Hi,
I’d like to replace a for-loop for multiple NNs with something like matrix operation GPU usage.
(Note: the following code is conceptual; would not be runnable)
For example, I have a bunch of NNs, which are contained in a torch.nn.ModuleList
.
That is,
my_list = torch.nn.ModuleList()
for _ in range(N):
my_list.append(construct_my_NN())
Now, in the method forward
, I use the output of all NNs generated before.
def forward(self, xs):
d = xs.shape[0]
ys = torch.empty(d, 1)
for i in range(N):
ys[i] = my_list[i](xs)
return my_custom_func(ys)
Note that the torch.sum
can be a different custom function.
I think this makes forward method very slow.
Can I replace the for-loop with a single operation (something like matrix operation)?

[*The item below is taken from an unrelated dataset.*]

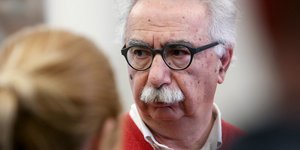 ΦΩΤΟΓΡΑΦΙΑ: INTIME NEWS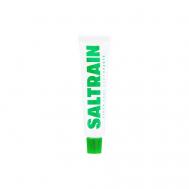 Зубная паста Mini Tiger Leaf Toothpaste 30 SALTRAIN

Or, any ideas to detour this issue?
EDIT: if one would replace the multiple NNs with a single NN with high-dimensional outputs.
For example, the above forward method is replaced with
def forward(self, xs):
d = xs.shape[0]
ys = huge_NN(xs)
return my_custom_func(ys)
I think the two cases may be different in terms of numerical sensitivity or training performance.
Note that I actually implemented the two cases and found that, of course, they showed different learning progress.
Can you guys give me an intuition for this?